When He does not answer, we say there is no God.
This impatience explains the number of Christians, who go around, daily, seeking for miracles and fast remedies to their solution.
We forget that the Bible is filled with believers, who waited and held on, in spite of their problems, such as Job, Abraham, and so on.
Holding to their faith, even when it seemed pointless and useless.
Romans 8:25 – “But if we hope for what we do not see, we wait for it with patience.”
Even though God had said to Abraham, “It is through Isaac that your offspring will be reckoned.”
Abraham reasoned that God could even raise the dead, and so in a manner of speaking he did receive Isaac back from death.
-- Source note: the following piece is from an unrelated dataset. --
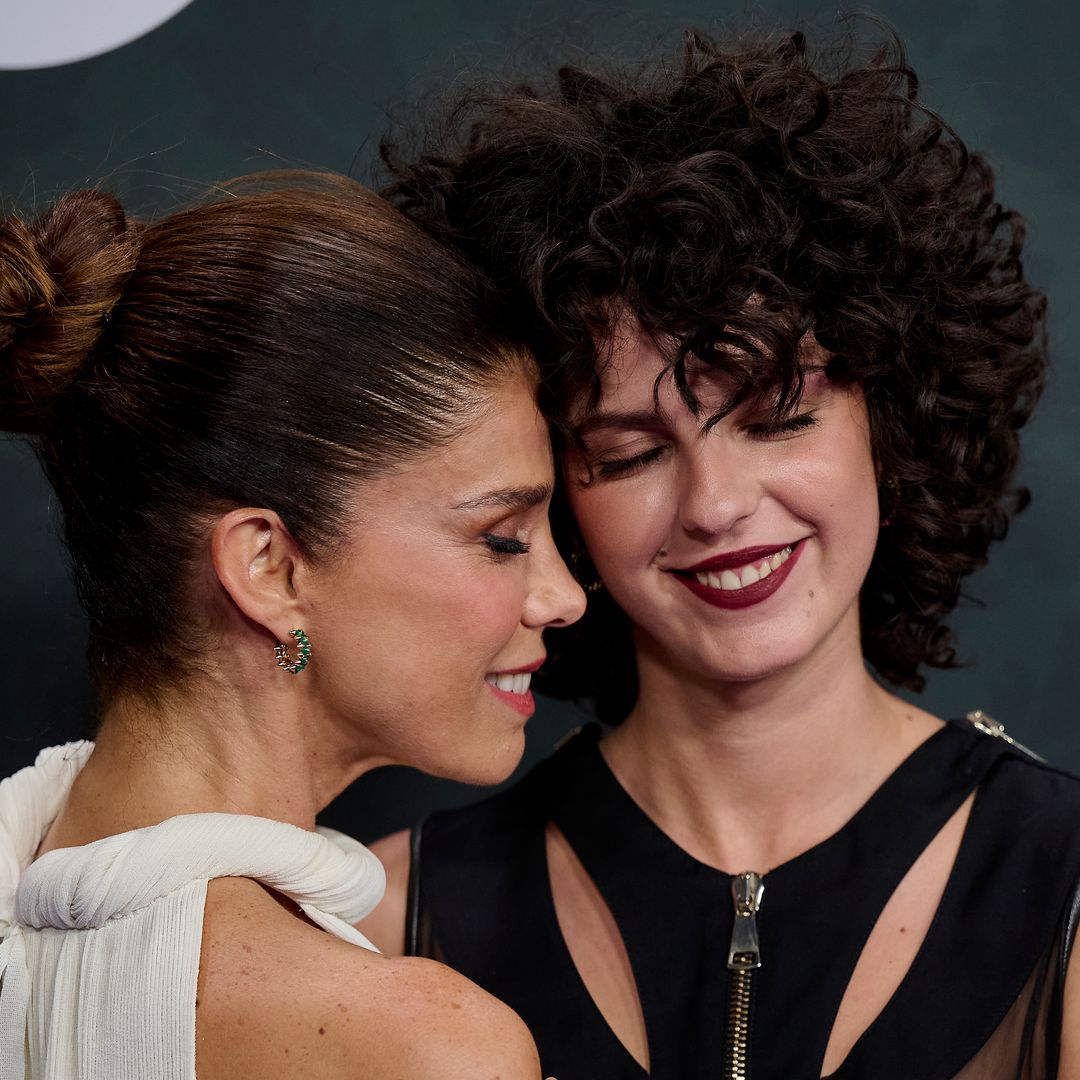 Lola Alterio debuta por todo lo alto junto a su madre y Elsa Pataky en la serie que ya está dando que hablar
By ‘Faith’ Isaac blessed Jacob and Esau in regard to their future.
By ‘Faith’ Jacob, when he was dying, blessed each of Joseph’s sons, and worshiped as he leaned on the top of his staff.
By ‘Faith’ Joseph, when his end was near, spoke about the exodus of the Israelites from Egypt and gave instructions concerning the burial of his bones.
By ‘Faith’ Moses’ parents hid him for three months after he was born, because they saw he was no ordinary child, and they were not afraid of the king’s edict.
By ‘Faith’ Moses, when he had grown up, refused to be known as the son of Pharaoh’s daughter. He chose to be mistreated along with the people of God rather than to enjoy the fleeting pleasures of sin. Where do we stand?
He regarded disgrace for the sake of Christ as of greater value than the treasures of Egypt, because he was looking ahead to his reward. By faith he left Egypt, not fearing the king’s anger; he persevered because he saw God who is invisible in his everyday existence. Think on this! To be kept by his parents until he could be kept no longer, to be placed in a bulrush woven basket…
“A baby boy was born from the house of Levi, of the Hebrews, and was hidden for three months to avoid being slain by the Egyptians, as Pharoah has ordered the killing of every Hebrew son. When the baby could not be hidden any longer, his mother put him in a basket made of “bulrushes” and placed it among the reeds by the river bank.
The daughter of Pharoah came down to bathe at the river and saw the basket with the baby inside. She took pity on the baby and called it to be nursed and spared for Pharoah’s order. When the child grew older, he became the son of Pharoah’s daughter and was named Moses as she “drew him out of the water.” Amazingly, this one spared Hebrew son would go on to deliver the Israelites from slavery in Egypt.”
By ‘Faith’ he kept the Passover and the application of blood, so that the destroyer of the firstborn would not touch the firstborn of Israel.
By ‘Faith’ the people passed through the Red Sea as on dry land; but when the Egyptians tried to do so, they were drowned.
By ‘Faith’ the walls of Jericho fell, after the army had marched around them for seven days!
By ‘Faith’ the prostitute Rahab, because she welcomed the spies, was not killed with those who were disobedient.
And what more shall I say? I do not have time to tell about Gideon, Barak, Samson and Jephthah, about David (a descendant of the house/tribe and people God would use to issue a forgiveness to all so that we can approach God through Jesus.) Samuel and the prophets, who through ‘Faith’ conquered kingdoms, administered justice, and gained what was promised; who shut the mouths of lions, quenched the fury of the flames, and escaped the edge of the sword; whose weakness was turned to strength; and who became powerful in battle and routed foreign armies. Women received back their dead, raised to life again. There were others who were tortured, refusing to be released so that they might gain an even better resurrection.
Some faced jeers and flogging, and even chains and imprisonment.
They were put to death by stoning; they were sawed in two; they were killed by the sword. They went about in sheepskins and goatskins, destitute, persecuted and mistreated— the world was not worthy of them. They wandered in deserts and mountains, living in caves and in holes in the ground.
These were all commended for their ‘Faith’, yet none of them received what had been promised, since God had planned something better for us so that only together with us would they be made perfect.
Wow! Is ALL I can say! This says so very much!.l
Reflect on this, Amen in our lives we decree in Jesus’ name.